En la cartelera española de la ópera no hay quien reconozca los usos y costumbres de ayer mismo. El orden de los gustos era Verdi/Puccini en primer lugar; Puccini/Verdi en el segundo; y, a continuación, Bellini/Rossini/Donizetti/Bizet, con un poco de Mozart para quedar bien. Los aficionados viejos hemos perdido la cuenta de los Rigoletos y Bohemes vistos a lo largo del tiempo, pero tenemos memoria específica, por escasos, de los títulos que ahora mismo copan los teatros. En el espacio de un mes han subido a escena Tristán e Isolda de Wagner en Bilbao, Pelleas et Melisande de Debussy en Madrid, La Walkiria de Wagner en Sevilla, Boris Godunov de Mussorgski en Valencia y Le grand Macabre de Ligeti en Barcelona, casi todos con grandes producciones firmadas por estrellas como Bob Wilson, Andrei Konchalowsky o La fura dels baus. Aunque no podamos verlo todo, lo que importa es la presencia normalizada de algunas obras maestras de los siglos XIX y XX, que augura una ruta similar a las todavía minoritarias del XXI.

Atreverse con ese repertorio y sus costes denota confianza en la respuesta de los públicos y desmiente los argumentos de la pasada reacción. Los programadores españoles fueron diligentes con la música de concierto, más barata en producción y taquilla, pero sintieron hasta ayer mismo el pánico de las desbandadas en los entreactos de las óperas "difíciles". Poco a poco dejaron de temblar y empezaron a sentirse orgullosos de sus audacias. Por fin, nuestros teatros se codean con los mejores de Europa y sobrepasan el nivel estético de los norteamericanos y japoneses. La crónica "crisis de voces" ha perdido fuerza disuasoria porque afecta a todos por igual y alienta el descubrimiento de nuevas opciones canoras allí donde el encasillamiento tomaba las bastillas. La penuria económica alcanza a los teatros, como no podía ser menos, sin motivar repliegues a los viejos "valores refugio". Somos parte de la comunidad lírica internacional y las vacas sagradas de la batuta (Maazel, Mehta, Abbado, Barenboim...) ocupan encantados nuestros fosos. Son caros, pero también lo eran cuando no venían ni pagados en oro.

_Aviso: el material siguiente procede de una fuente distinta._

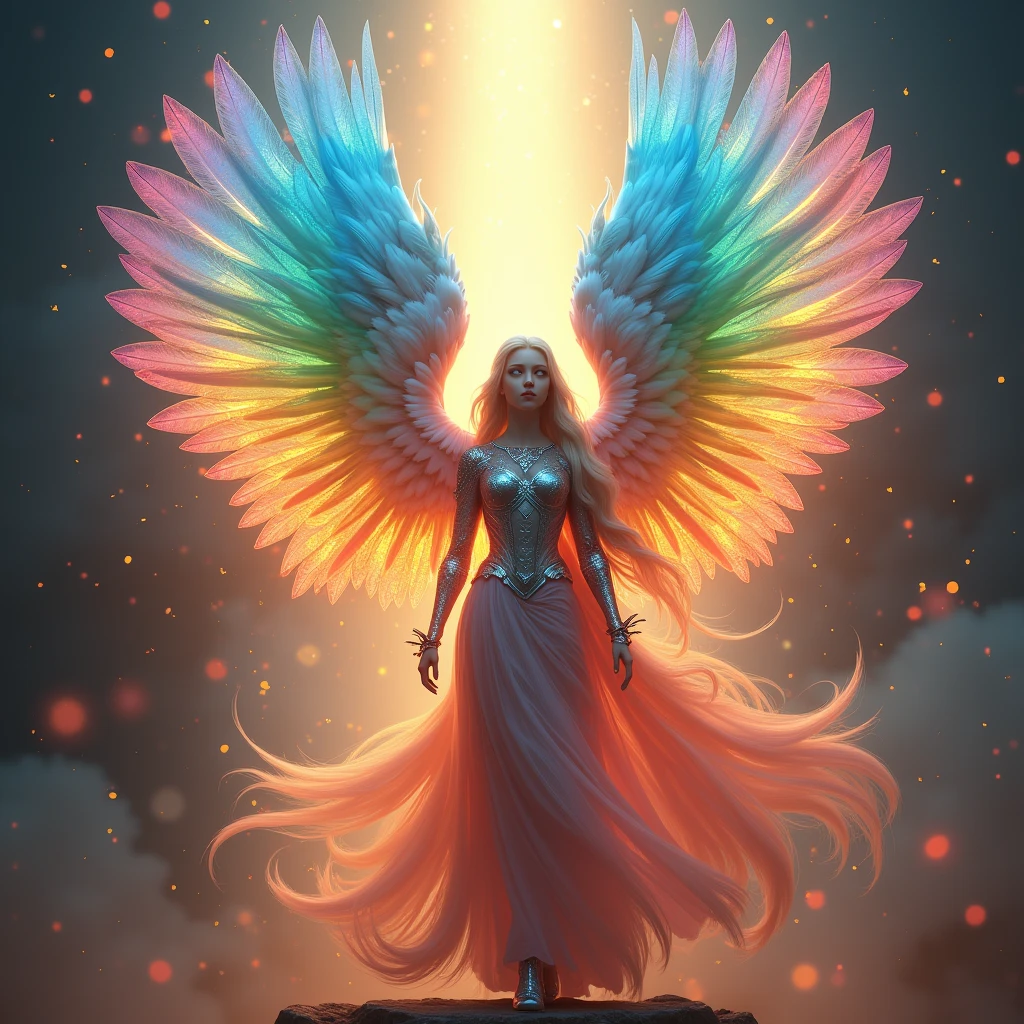 celestial angel, (((Has 3 pairs of 6 feathers on the top, middle and bottom:1.8)))、6 colorful wings、Colorful and multicolored feathers、rainbow gradient feathers、Bright and clear eyes, strange, Elegant、powerful, Very bright color, Particles of light, In bright light, Musif, Long Hair, Shining Armor, Wallpaper Art, UHD wallpaper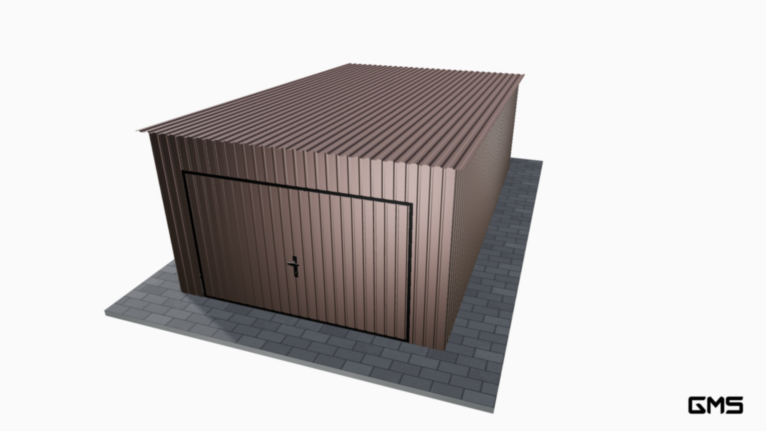 Garaj acrilic RAL 3.5x6 m cu panta spre spate / poartă basculantă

La ópera pasó su travesía del desierto por el desinterés de los grandes compositores en trabajar para los circuitos alternativos. Hoy, Ligeti vuelve al Liceo pedido por el público, el Real produce anualmente un estreno contemporáneo y ningún creador se resigna a no tener en catálogo al menos una obra para el teatro. La ópera está viva porque es vida desde hace más de cuatrocientos años (casualmente, la misma edad del periodismo). Y su vitalidad amenaza con vaciar de primeras figuras los espacios "multidisciplinares" de la plástica, tan enrarecidos como el de la comunicación cibernética, donde todo vale y casi nada es valor.